By Jon Nowacki jnowacki@duluthnews.com

Williams Arena stands deserted as seen March 13 after the state girls basketball tournament was canceled amid growing concern over the spread of the coronavirus. (File / News Tribune)

When I was first assigned to make a contribution to our year-ending DNT Extra about the “Stories of the Year,” I was a little hesitant at first.

How do you sum up the craziest year in sports history in just 500 words?

Picking a starting point to how the craziest unfolded is arbitrary, but I’ll go with March 11, when the NBA suspended its season a short time after Utah Jazz center Rudy Gobert tested positive for the coronavirus.

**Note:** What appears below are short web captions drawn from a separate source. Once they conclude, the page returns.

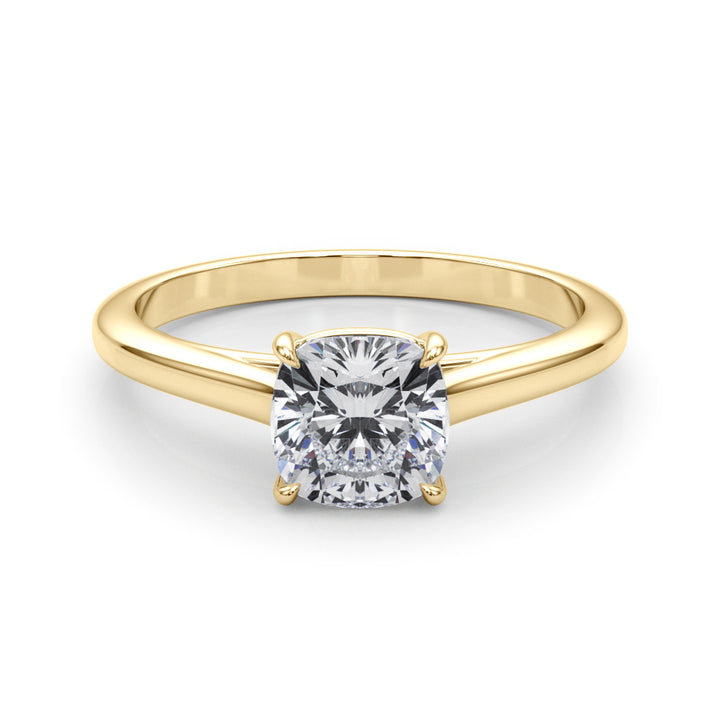 14K Yellow Gold Cushion Diamond Solitaire Ring
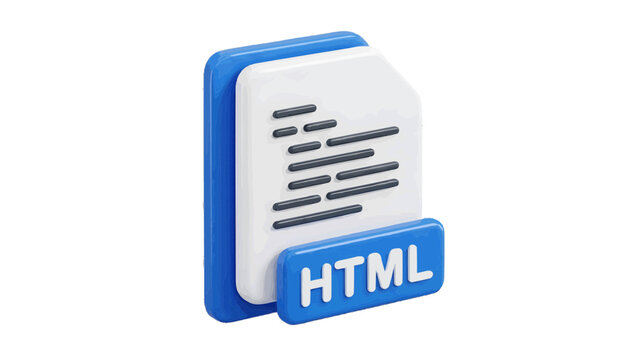 Vector illustration of 3d icon of an html file document with code lines on a transparent background
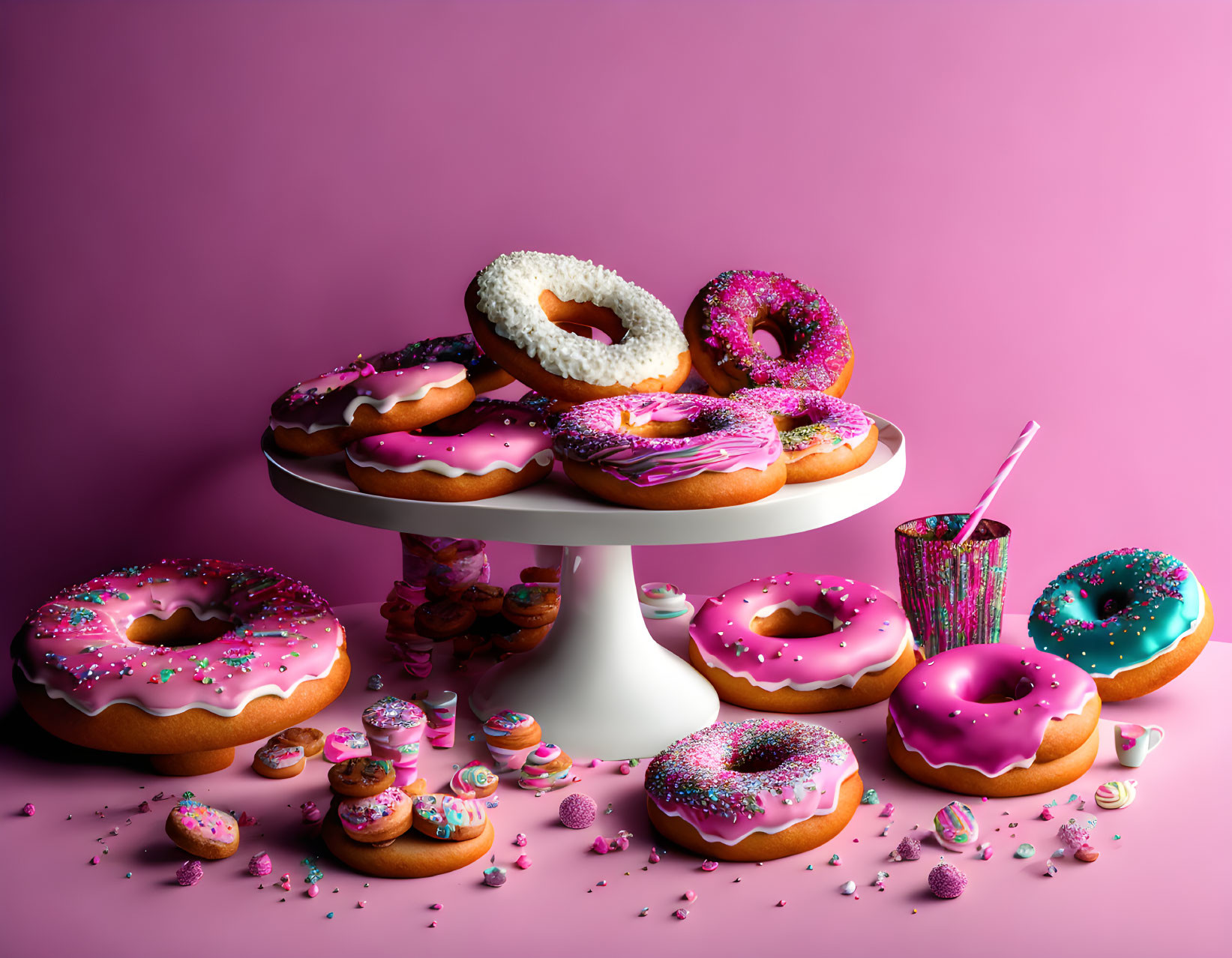 Pink donuts on a platter, pink background 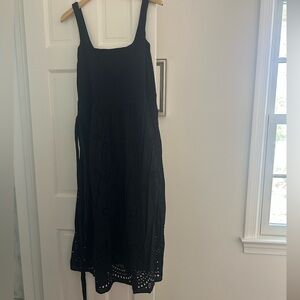 Boden Black Eyelet Strap Midi Dress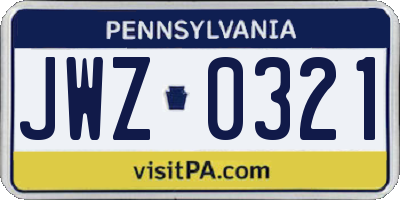 PA license plate JWZ0321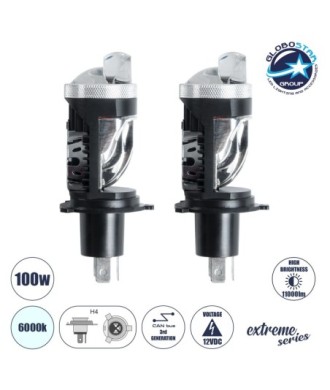 GloboStar® 81506 H4 X10 360° Line KIT Βασικού Φωτισμού Αυτοκινήτου & Μοτοσυκλέτας 3nd Generation Can-Bus Series LED CREE CXB 100W 11000lm DC 12V Αδιάβροχο IP56 Ψυχρό Λευκό 6000K - 2 Χρόνια Εγγύηση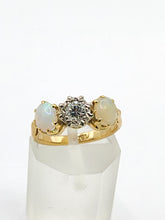 Load image into Gallery viewer, 2024: Vintage18ct Gold Diamond White Opals 3-Stone Straight Ring- a rare find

Other developments had come before that, of course, but that’s when the dominos really started to fall.

The NCAA, which initially announced its winter tournaments would go on with limited attendance, quickly did an about-face after the NBA news and on March 12 announced its remaining winter and spring championship events for 2019-20 would be canceled, including its incredibly popular and profitable NCAA Division I men’s basketball tournament. When “March Madness” gets axed for the first time in its 81-year history, things were getting real.

That also meant that the Minnesota Duluth men’s hockey team wouldn’t get the chance to defend its back-to-back national championships — not this year, anyway — and the UMD women’s basketball team would never get the chance to play for a NCAA Division II Central Region title. Instead, the Bulldogs had to head back from Warrensburg, Missouri, the regional over before it had even started.

Back in Minnesota, the ensuing impact was becoming inevitable as one high school league after another quickly began canceling their winter tournaments, and on Friday, March 13, the Minnesota State High School League did the same thing. That left Duluth Marshall and CromwellWright, still alive at the state girls basketball tournament in Minneapolis, heading home, while so many boys basketball teams never got a chance to make that trip, their seasons canceled during sections.

“I didn’t know what to say,” Cromwell-Wright girls basketball coach Jeff Gronner said about hearing the news. “There were a lot of tears and anger and everything, and that was just me.”

And such began a pattern of hope followed by inevitable heartbreak and sadness as spring and summer seasons were canceled and signature Duluth events like Grandma’s Marathon went virtual-only for the first time. The third Saturday in June never felt so quiet. Five months later, there would be no annual Thanksgiving traditions like the Amsoil Duluth National Snocross or youth hockey tournaments as the sports-related economic impact of the coronavirus continued to climb.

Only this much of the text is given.